Imagine what our system of roads and highways would look like and how they would function today if major trucking and transportation companies owned and controlled them, including the decision about which areas would be served by roads and which areas would not be served?
How about airports? What if each airline owned its own airport and none of the other airlines could fly in or out of that airport?
It simply would not work well without access for everyone.
Now, imagine your Internet. Today’s Internet services are much like limited access highways and airports. Think of what our region could accomplish if everyone had high speed access through open access networks in North Mississippi?

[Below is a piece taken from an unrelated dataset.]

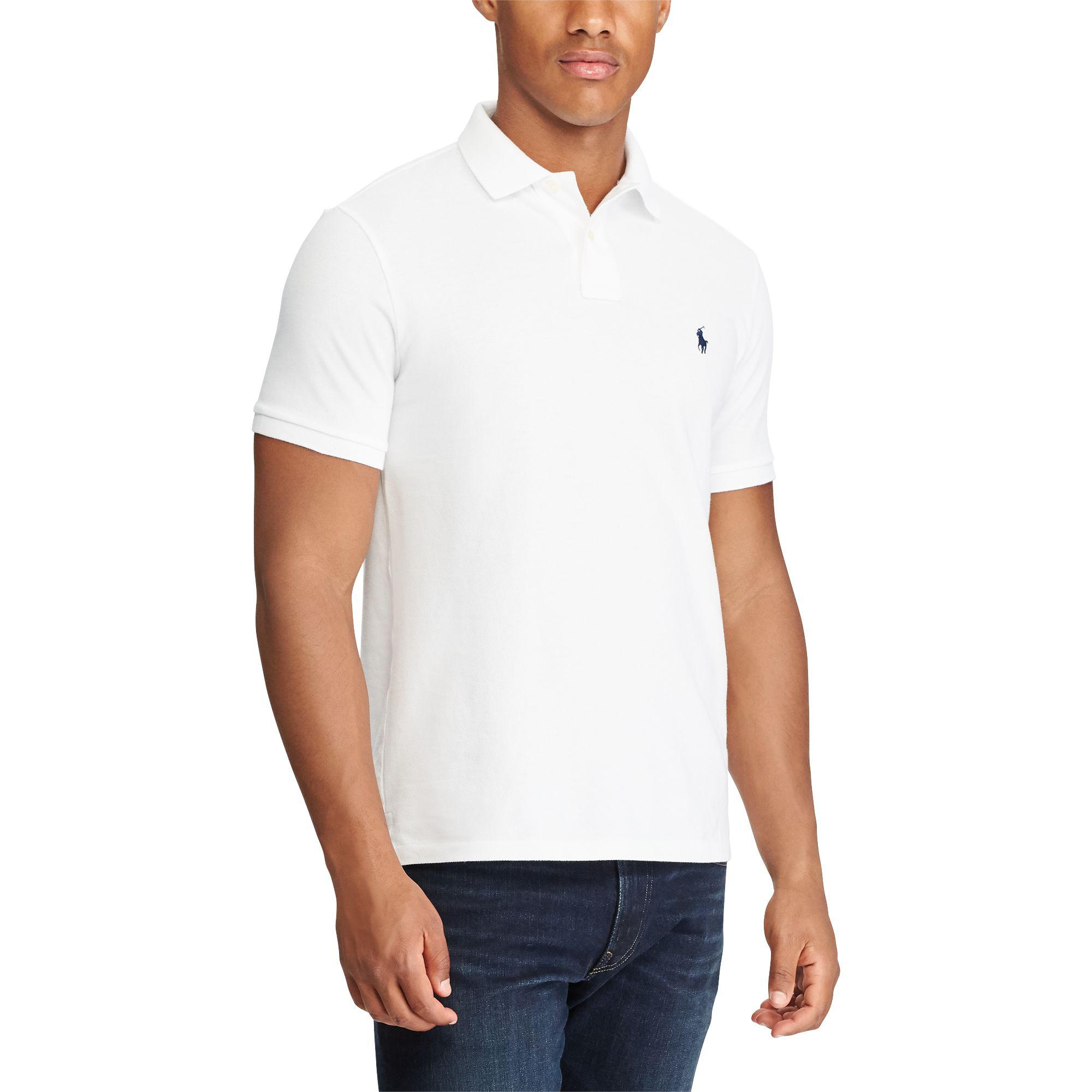 Polo Ralph Lauren Custom Slim Fit Cotton Polo in White for Men - Lyst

Open access networks, by definition, are created and operated to maximize availability, cost efficiency, and sharing by companies and entities that provide Internet services and information to the public. From its inception, MEGAPOP has embraced and incorporated this concept into the network infrastructure that it has fielded for Mississippi.

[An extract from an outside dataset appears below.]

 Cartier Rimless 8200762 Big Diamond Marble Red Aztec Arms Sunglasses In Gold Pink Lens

Plain and Simple – Open access networks own the infrastructure and lease capacity to any and all providers who want to sell their products and services over the network. This in return levels the playing field for all service providers to compete giving the consumer better choices with more capacity at lower prices.

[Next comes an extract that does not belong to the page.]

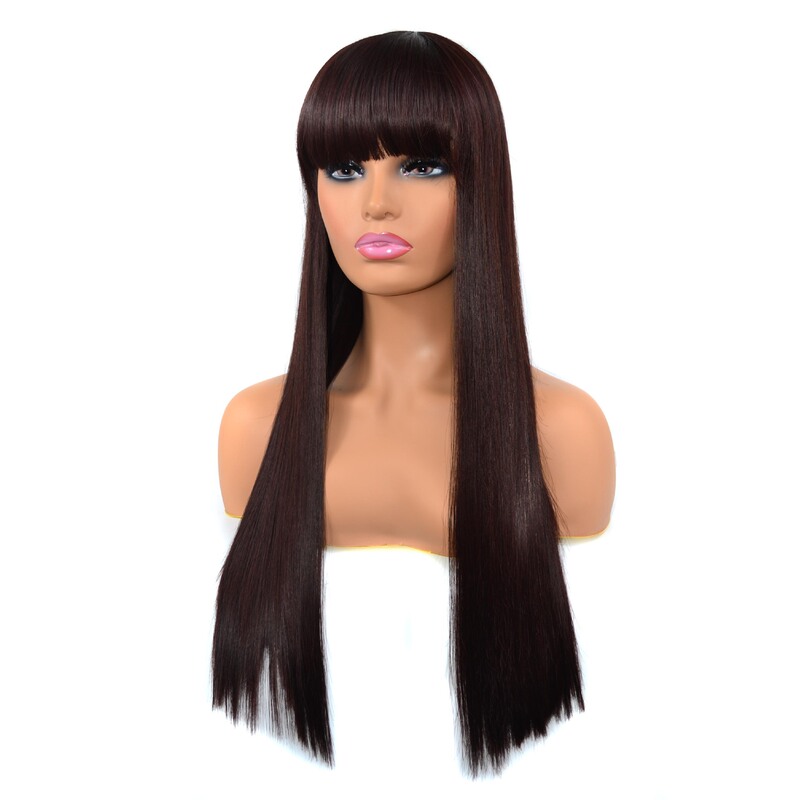 European and American straight bangs long straight hair wig headgear tail straight hair personality headgear long hair flat bangs headgear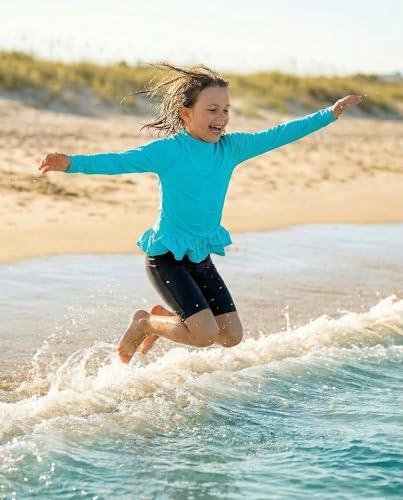 Image of City Threads Girls Long Sleeve Rashguard UPF 50+ Made in USA, Girls' Rash Guard Shirts with Sun Protection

Today, major telecommunications and content providers own their proprietary network infrastructure, which is often based on older copper cabling technology and is generally available only in larger towns and cities. There has been traditional reluctance by the carriers to extend these higher-speed networks into more rural areas simply because the profit margins are not deemed sufficient to warrant it. This leaves many Mississippians with no real chance for broadband connectivity, limiting their opportunity to benefit from the services and content which many citizens and companies now consider necessities.
MEGAPOP networks already form an extensible platform (or foundation) for a wholesale “open access” fiber transport infrastructure across which competing retail service and content providers serve their consumers.